On-call rotation
An on-call rotation is the scheduled assignment of engineers to be the primary responder for production incidents during a defined window — usually 1 week per engineer, 24/7, with a secondary backup who escalates if the primary doesn't acknowledge inside the agreed window.
Healthy rotations share several properties: enough engineers that each person is on-call no more often than 1 week in 6 (preferably 1 in 8+); explicit compensation or time-back for off-hours pages; a hard cap on actionable pages per shift (5-7 is the common ceiling before burnout sets in); a no-blame culture for pages that escalate; and a feedback loop into the alert design (every page that turned out to be non-actionable becomes a candidate for an alert edit).
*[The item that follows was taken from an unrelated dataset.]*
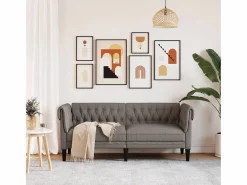 Sofá Chesterfield de 2 plazas tela gris taupe^Clicnbuy Sale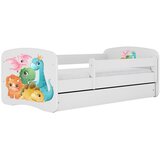 HAPPYKIDS Otroška postelja Dreamy 180x80 dinozavri brez ležišča s predalom Bela | Shoptok.si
Teams that rotate engineers through new services every 6 months tend to have healthier runbooks because the rotation surfaces stale ones; teams with deeply specialised on-call build single-points-of-failure that paginate badly.
Related terms
- Runbook
A runbook is a step-by-step operational document that describes how to diagnose and resolve a specific failure mode — what alert fires, what to check first, which commands to run, when to escalate.
- Incident commander
The incident commander is the single individual with end-to-end authority during a production incident — coordinating responders, deciding on mitigation actions, communicating to stakeholders, and declaring when the incident is over.
- Toil
Toil, as defined in Google's SRE practice, is operational work that is manual, repetitive, automatable, tactical (not strategic), and scales linearly with service growth — patching servers, manually resolving alerts, hand-editing configs.